Assignment: Exact reproduction of the data is required, with images excluded.

■ ■ ■ ■ ■

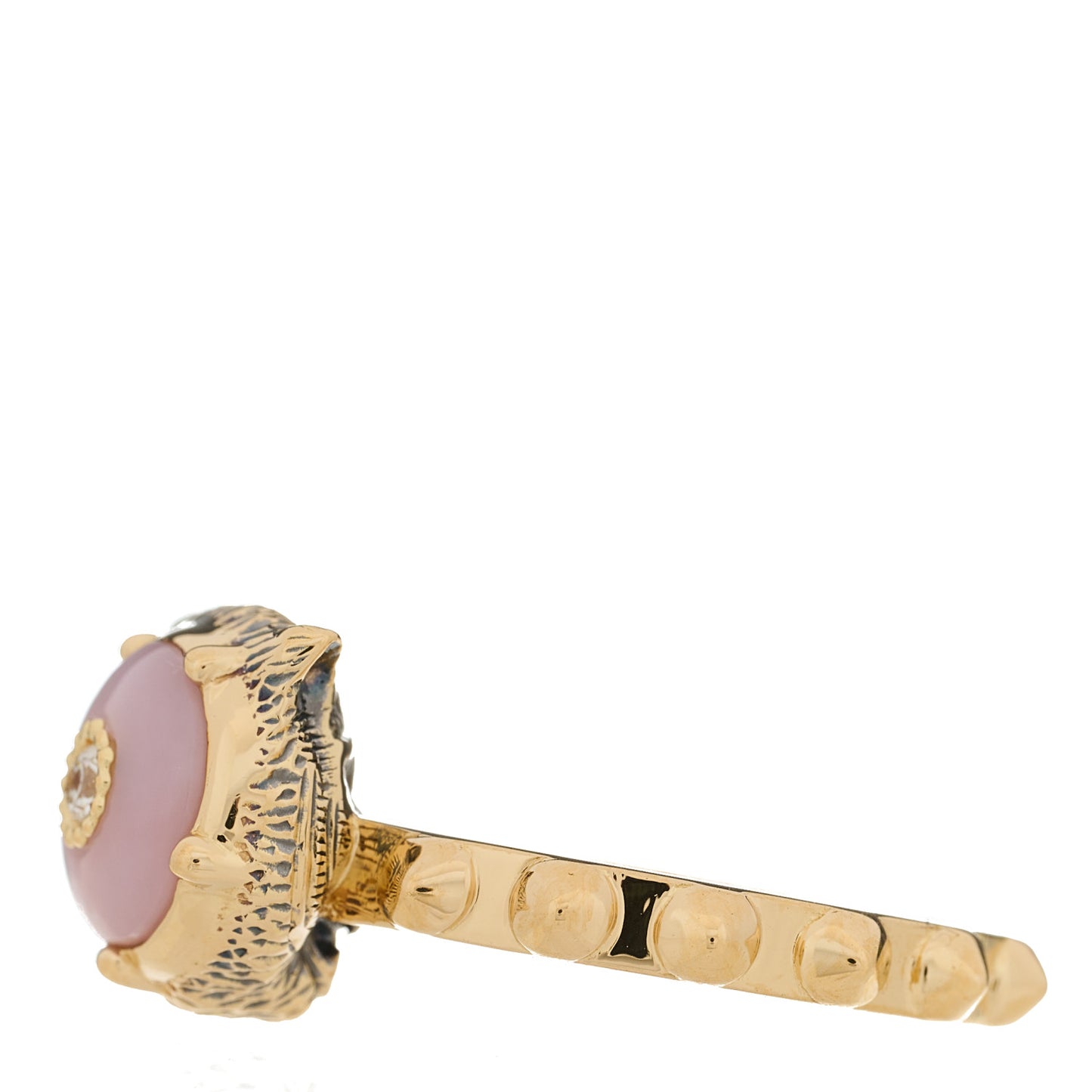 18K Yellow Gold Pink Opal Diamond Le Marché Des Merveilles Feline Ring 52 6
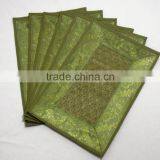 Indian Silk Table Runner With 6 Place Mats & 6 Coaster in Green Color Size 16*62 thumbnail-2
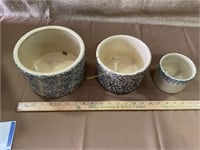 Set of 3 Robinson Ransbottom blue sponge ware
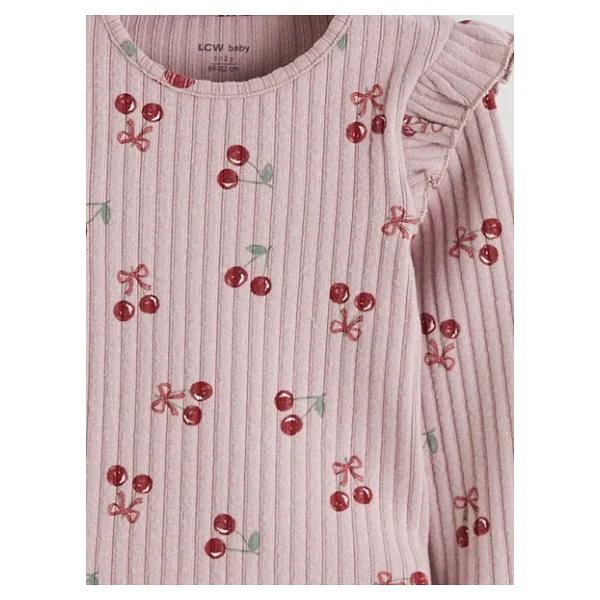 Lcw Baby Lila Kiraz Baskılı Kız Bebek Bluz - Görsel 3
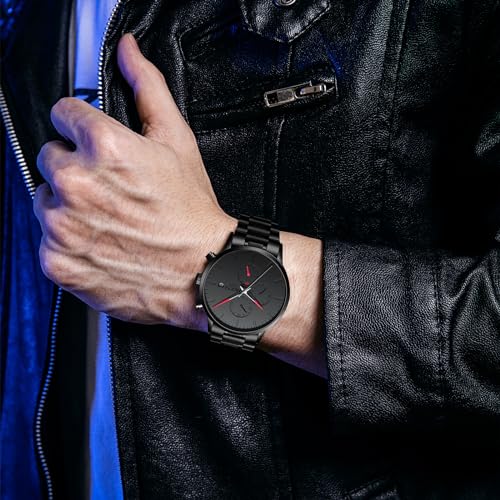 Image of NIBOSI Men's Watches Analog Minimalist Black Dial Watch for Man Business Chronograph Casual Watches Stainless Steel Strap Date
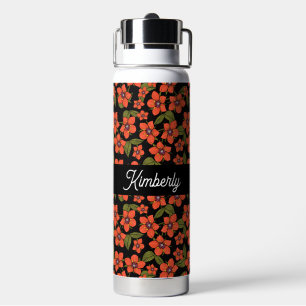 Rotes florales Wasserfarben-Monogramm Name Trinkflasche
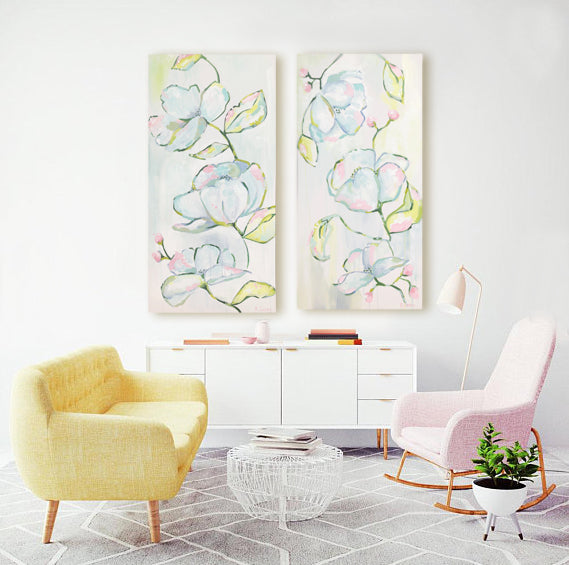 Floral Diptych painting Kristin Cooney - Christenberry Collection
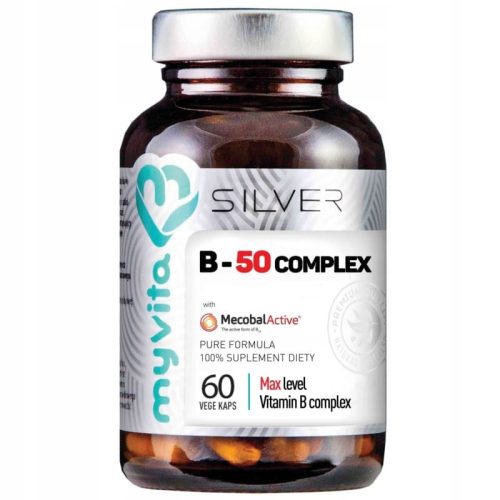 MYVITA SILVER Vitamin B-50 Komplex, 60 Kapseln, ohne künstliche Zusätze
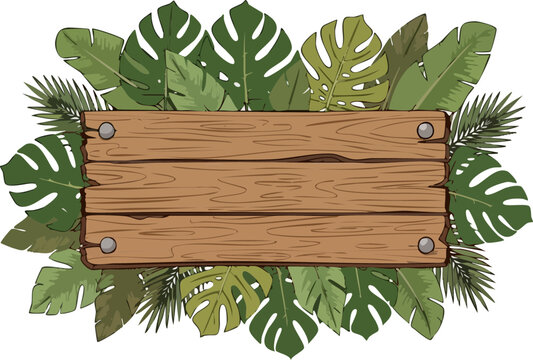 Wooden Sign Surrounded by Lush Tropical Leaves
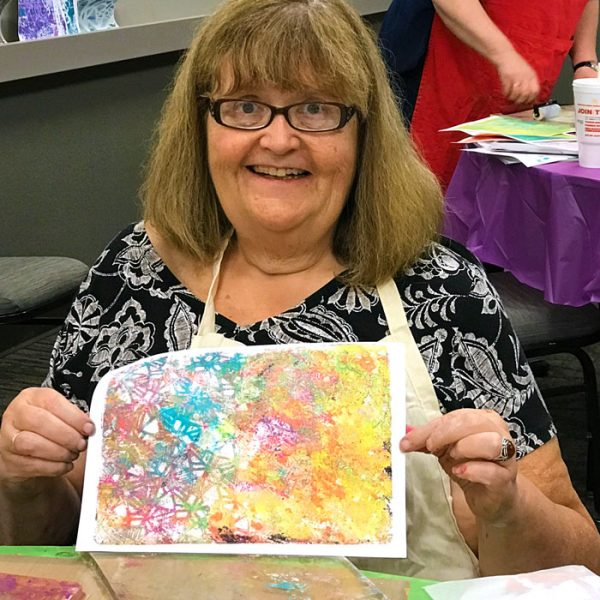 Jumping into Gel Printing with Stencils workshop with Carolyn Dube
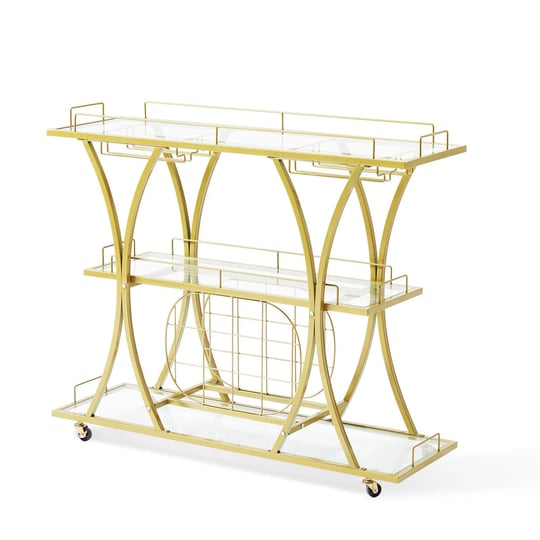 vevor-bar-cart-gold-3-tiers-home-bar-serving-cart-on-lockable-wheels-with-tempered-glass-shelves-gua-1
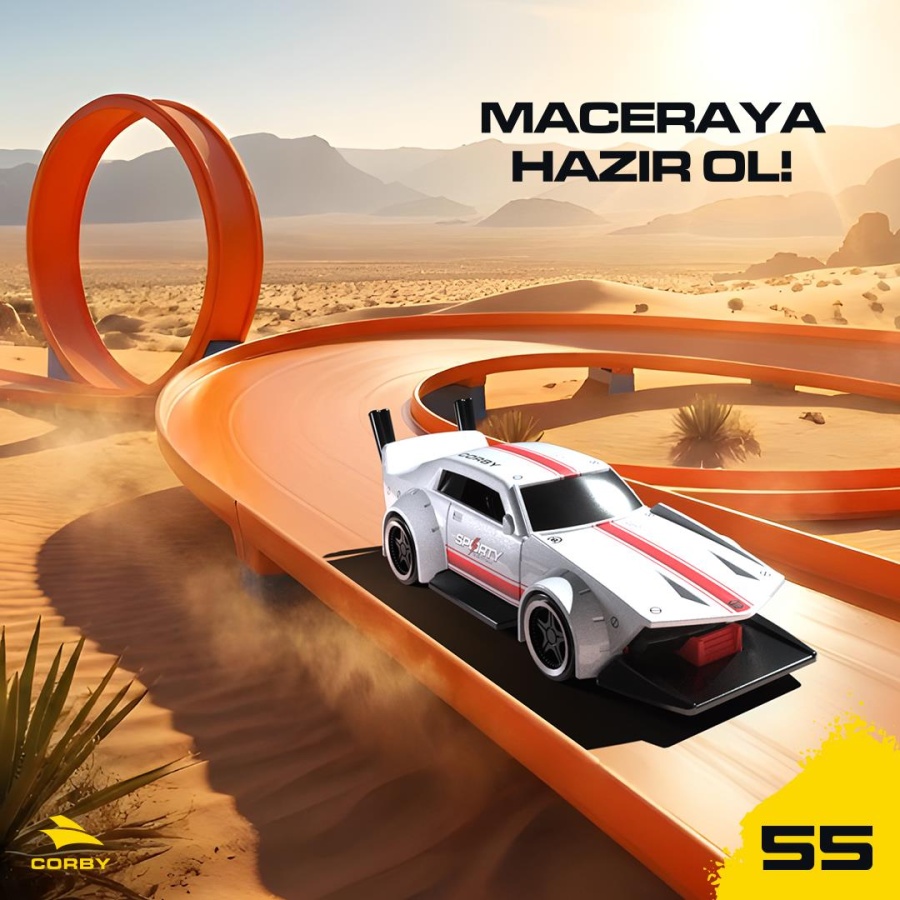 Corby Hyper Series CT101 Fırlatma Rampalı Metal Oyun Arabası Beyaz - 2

■ ■ ■ ■ ■

Your response:
 18K Yellow Gold Pink Opal Diamond Le Marché Des Merveilles Feline Ring 52 6
 Indian Silk Table Runner With 6 Place Mats & 6 Coaster in Green Color Size 16*62 thumbnail-2
 Set of 3 Robinson Ransbottom blue sponge ware
 Lcw Baby Lila Kiraz Baskılı Kız Bebek Bluz - Görsel 3
 Image of NIBOSI Men's Watches Analog Minimalist Black Dial Watch for Man Business Chronograph Casual Watches Stainless Steel Strap Date
 Rotes florales Wasserfarben-Monogramm Name Trinkflasche
 Floral Diptych painting Kristin Cooney - Christenberry Collection
 MYVITA SILVER Vitamin B-50 Komplex, 60 Kapseln, ohne künstliche Zusätze
 Wooden Sign Surrounded by Lush Tropical Leaves
 Jumping into Gel Printing with Stencils workshop with Carolyn Dube
 vevor-bar-cart-gold-3-tiers-home-bar-serving-cart-on-lockable-wheels-with-tempered-glass-shelves-gua-1
 Corby Hyper Series CT101 Fırlatma Rampalı Metal Oyun Arabası Beyaz - 2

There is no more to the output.